The ramifications of the agreement are manyfold. One of the county's premier employers, almost 1,400 depend on the company. Nearly a quarter-million acres, and the critters that live there, are also affected by the way the company operates. So are landowners downstream. So are contractors and the providers of goods and services for PL and its employees.
Though frustrated, PL President and CEO John Campbell said that the company is committed to making the agreement work.
"PL employees have been working diligently to make this agreement work the way it was designed," Campbell said.
The progress of the deal has ushered in a level of frustration, he said.
The company was given five years to accomplish the expensive, technically in-depth studies required by the agreement on nearly all its lands.
The first such study has taken two years. An anxiously awaited document, the Freshwater Creek watershed analysis is expected to be issued within days.
The creek is significantly damaged. (According to residents, this damage comes from recent logging practices. According to PL, it's from natural sources and long-past logging.) Residents and some renown scientists have concurred that the creek has been flooding more frequently of late and from smaller storms, because upstream logging has dumped sediment into the creek's lower reaches to fill its channel.
Freshwater resident Alan Cook, who is been actively involved in scrutinizing the progress of PL's Freshwater science, called the awaited analysis "suspect." Cook said that the comments of scientists and residents were largely ignored at its inception, and that for the past year and a half, the product has been worked on "in secret."
"There has been disillusionment followed by secrecy," Cook said. "And there has been a history of poor scientific products. It's difficult to be enthusiastic."
PL's first plan filed under the HCP for Freshwater is now in court. The Humboldt Watershed Council, representing a number of Freshwater residents, has sued the company, claiming that the recent logging poses a threat to property and lives downstream and should not be allowed without further studies.
Infighting
That's over one timber plan. The much greater issue is in the hands of the North Coast Regional Water Quality Control Board, whose staff has challenged the HCP on the grounds that its restrictions do not protect water quality and recommended severe cutbacks in logging in five different watersheds.
The report was filed in September, and the hearings meant to deal with the issue have been repeatedly postponed.

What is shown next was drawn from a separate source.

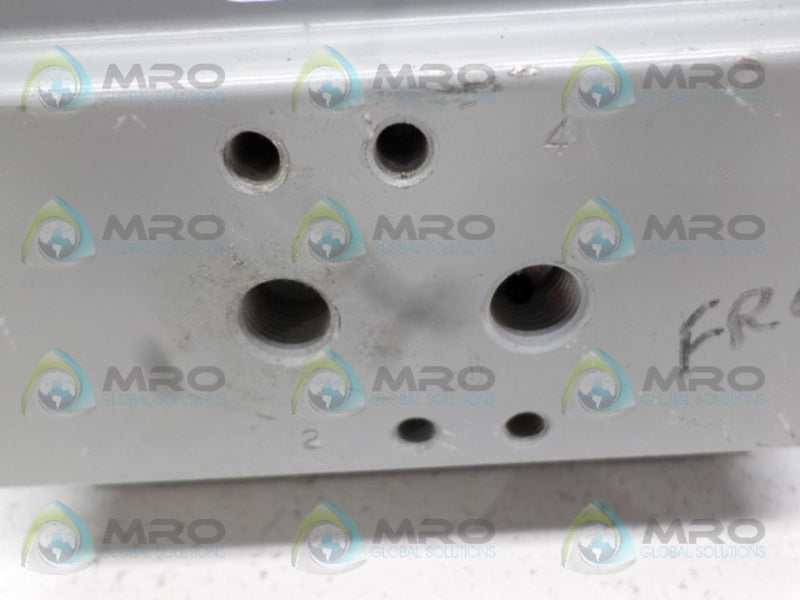 JAMESBURY VPVL100DABD DOUBLE ACTING ACTUATOR UNMP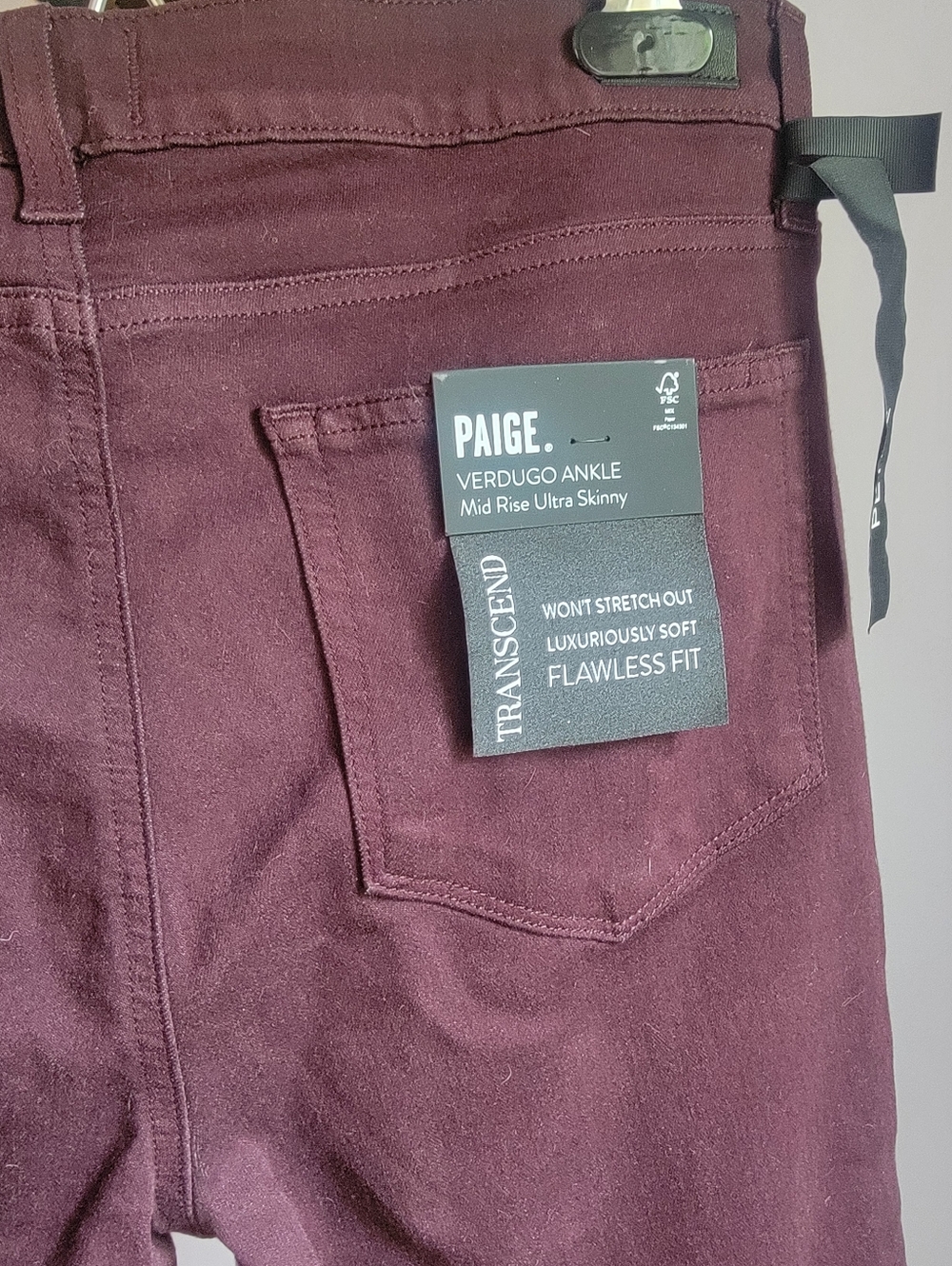 Paige Verdugo Ankle Mid Rise Ultra Skinny Jeans Size 12P - Picture 4 of 4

As of today, no date has been set, and the matter has been appealed to the state board which has yet to decide whether to take it up.
The regional water board did not sign off on the Pacific Lumber conservation plan and the company believes that the staff's report amounts to a breach of contract made between PL and the state and federal government.
"We remain convinced that it was a good deal," said CDF spokesman Louis Blumberg. "The fact remains that the largest stand of old-growth once in private hands in now available to the public."
CDF and the other agencies have devoted a lot of resources to the PL habitat plan, but Blumberg said that is not at the expense of other operators. "Efficient and effective" use of a recently expanded staff has helped get the job done, he said.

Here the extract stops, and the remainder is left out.